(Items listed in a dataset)

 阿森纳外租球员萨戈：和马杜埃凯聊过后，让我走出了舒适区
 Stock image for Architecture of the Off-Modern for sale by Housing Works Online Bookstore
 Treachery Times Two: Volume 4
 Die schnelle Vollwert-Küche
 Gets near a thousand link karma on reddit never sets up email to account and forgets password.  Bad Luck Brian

### The task
From the first line to the last, copy the records without alteration.

### Task output
 阿森纳外租球员萨戈：和马杜埃凯聊过后，让我走出了舒适区
 Stock image for Architecture of the Off-Modern for sale by Housing Works Online Bookstore
 Treachery Times Two: Volume 4
 Die schnelle Vollwert-Küche
 Gets near a thousand link karma on reddit never sets up email to account and forgets password.  Bad Luck Brian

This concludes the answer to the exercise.